Izzy is from a working kennel and will retrieve a tennis ball to hand every time. She's a little star.
She likes to make things with bits of newspaper and cardboard in her spare time.


----------



## Briarose (Oct 9, 2007)

Aw welcome Izzy she is a beauty.


----------



## carolgavin (May 9, 2005)

Hi Izzy you are sooooo cute


----------



## cypsygal (Dec 19, 2009)

*Izzy*

Gorgeous 

We also have a dobermann who does origami !!


----------



## relay (May 9, 2005)

Oh Izzy, you are beautiful! Keep practising with the craft work :wink: 

-H


----------



## greenasthegrass (Oct 27, 2007)

aw hello Izzy you are so lovely! We have a sossy who likes to decorate skirting boards she does the stripping bit but then forgets the varnish! 

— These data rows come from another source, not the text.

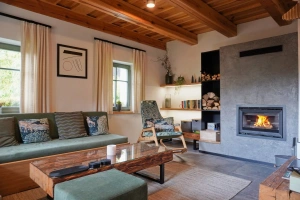 obývací místnost - sedací souprava, TV a krb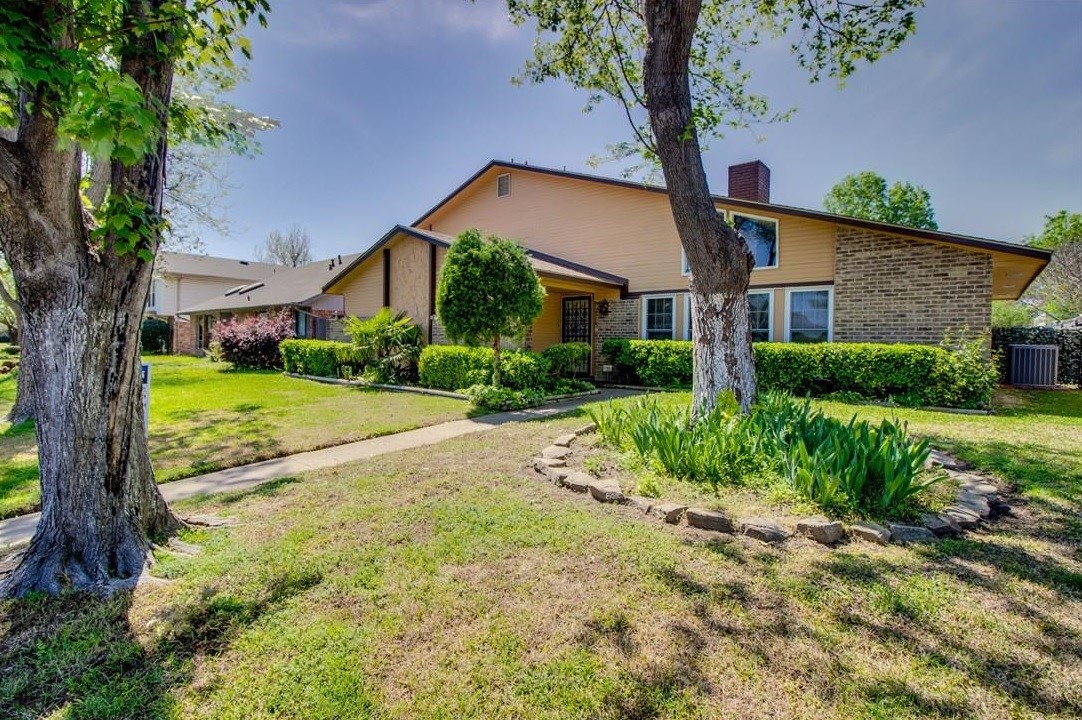 5305 Pensacola Drive Garland TX 75043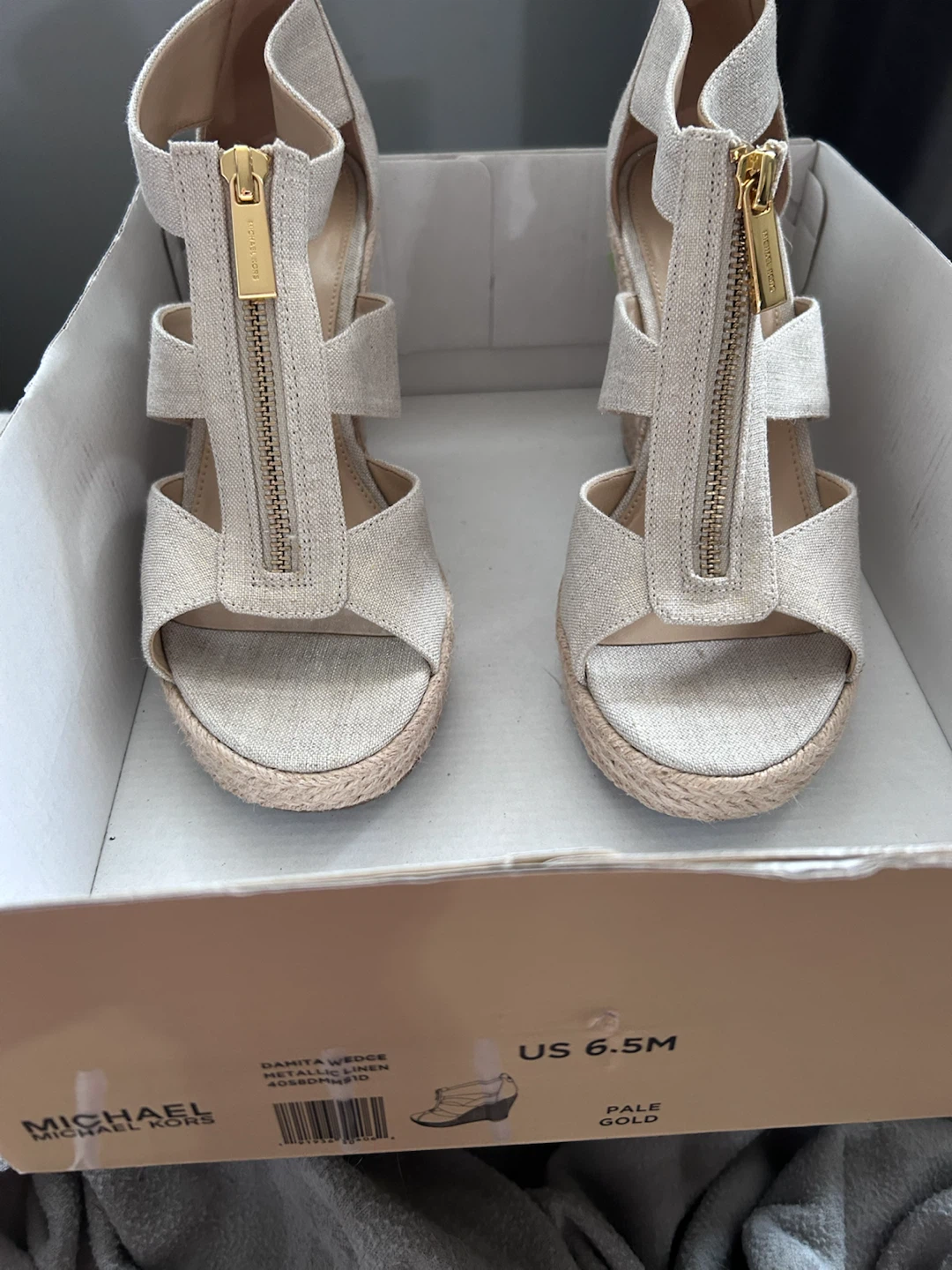 MK like new - photo 3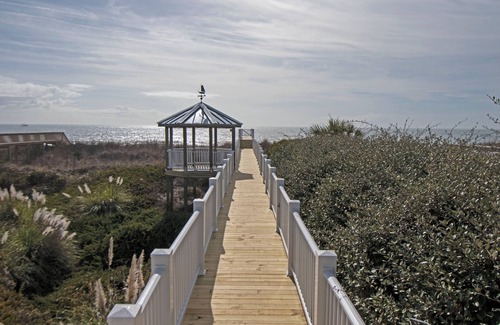 Ocean Isle Beach Cabaña | Cozy, Colorful, Coastal Cottage - Oceanfront 5 bedroom home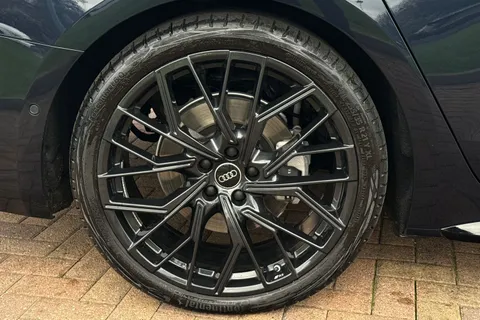 BG25EYP Audi A6 Avant Avant Launch Edition TDI quattro 204 PS S tronic Thumbnail #10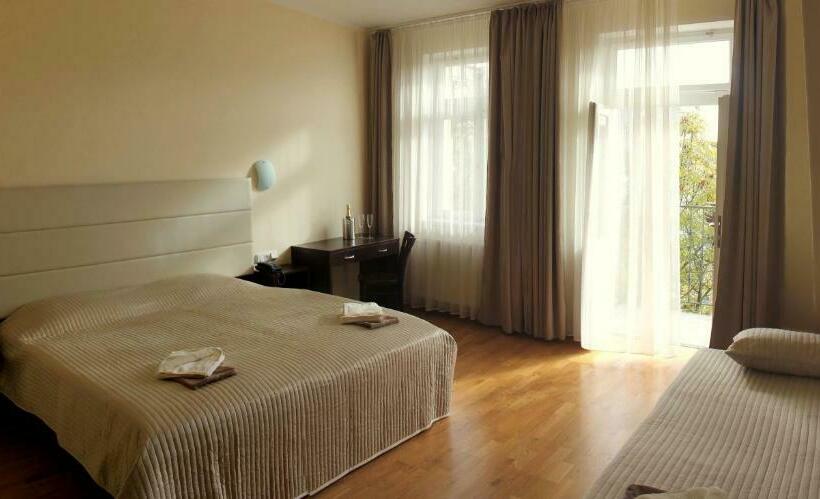 Quarto Triplo Estandar, Trevi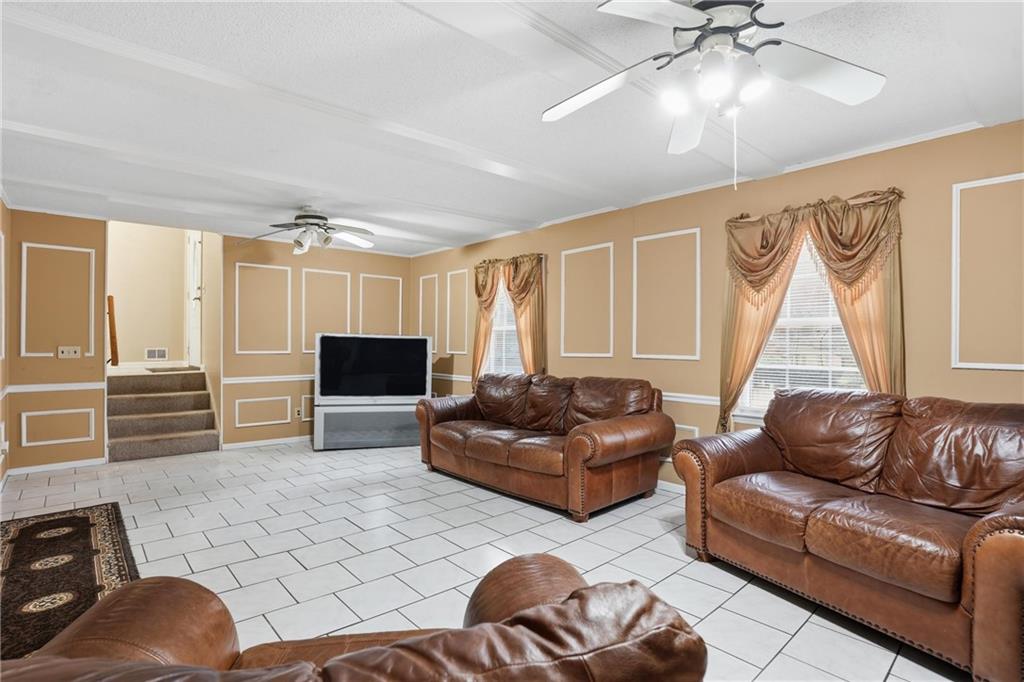 747 John Alden Road Stone Mountain, GA 30083 - Photo 11 of 26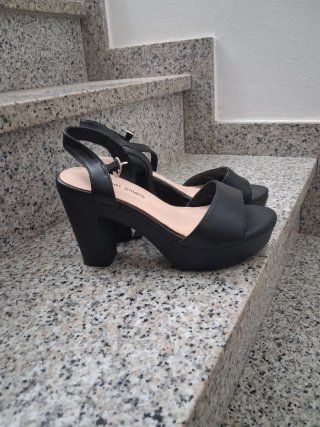 Sandalias tacón negras talla 37 usados un dia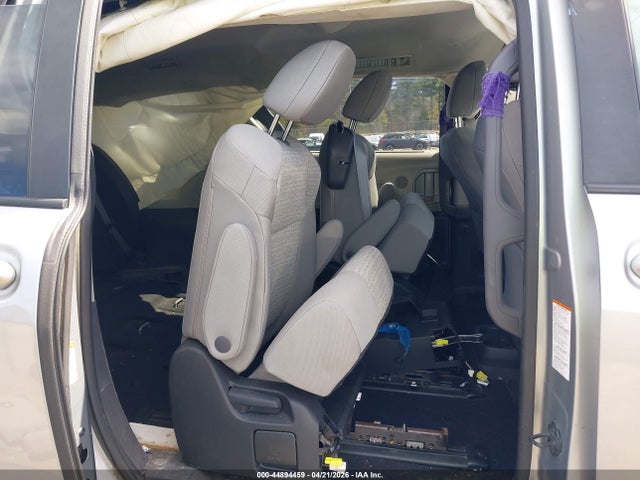44894459 :رقم المزاد ، 5TDKSKFC0NS067525 vin ، 2022 Toyota Sienna Le مزاد بيع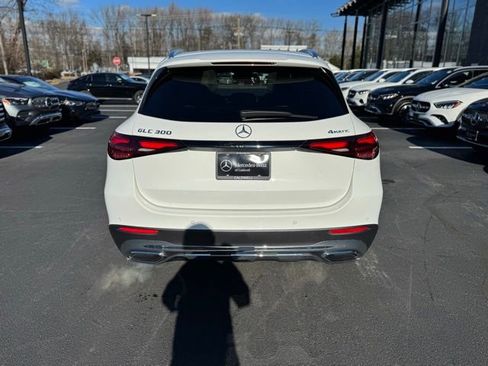 Used 2026 Mercedes-Benz GLC 300 GLC 300 image 4
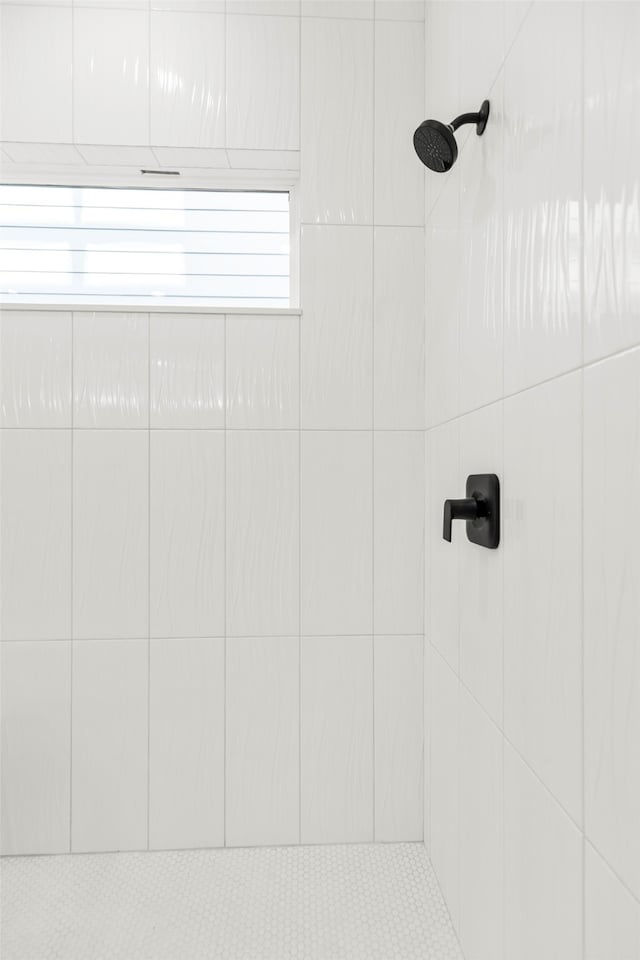 room details featuring a tile shower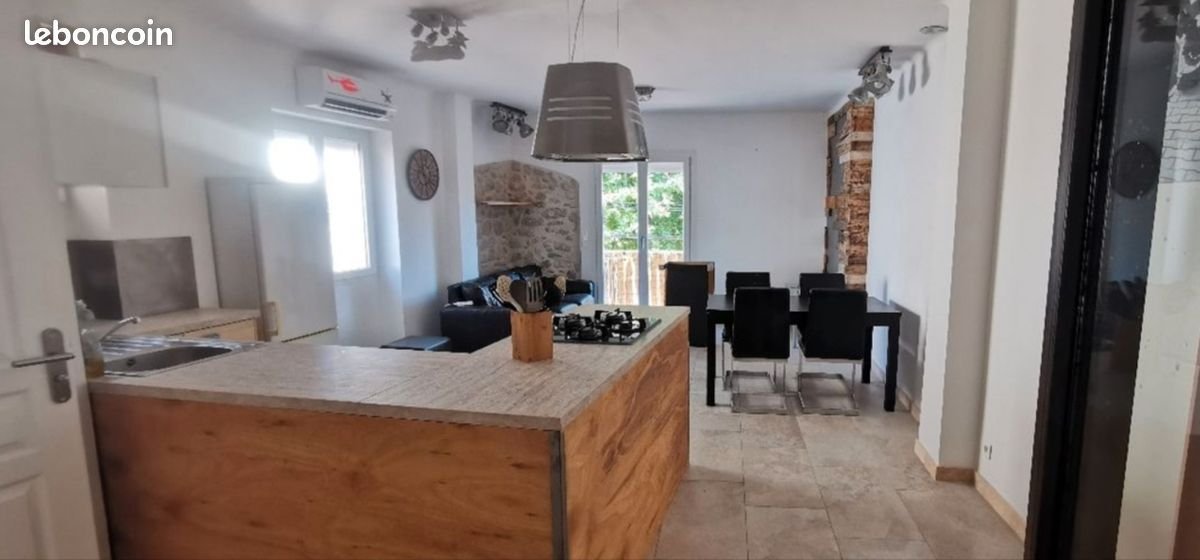 Appartement à louer, 67m², Sénas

Actually she's not done it lately she has moved on to the magazine holder - well it got in her way - we think!

More pics please.

Greenie :lol:


----------



## wakk44 (Jun 15, 2006)

*Izzy*

Welcome Izzy  
I see she has perfected that " butter wouldn't melt in my mouth " look already :lol:


----------



## patnles (Oct 26, 2006)

Izzy says thankyou for all the nice comments  
I'm finding having a pup a bit less relaxing than having an old dog :lol: but Izzy does make me laugh with her antics. It's difficult to get decent photos of her as she's usually too busy. 
Lesley


----------



## patnles (Oct 26, 2006)

Izzy is 20 weeks old now and growing fast. Here she is practising her sit/stay. 









Sitting is easy, staying is not   
Lesley


----------



## Walmer (Mar 4, 2006)

She is just beautiful!!! 

Hilary


----------



## Walmer (Mar 4, 2006)

She is just beautiful!!! 

Hilary


----------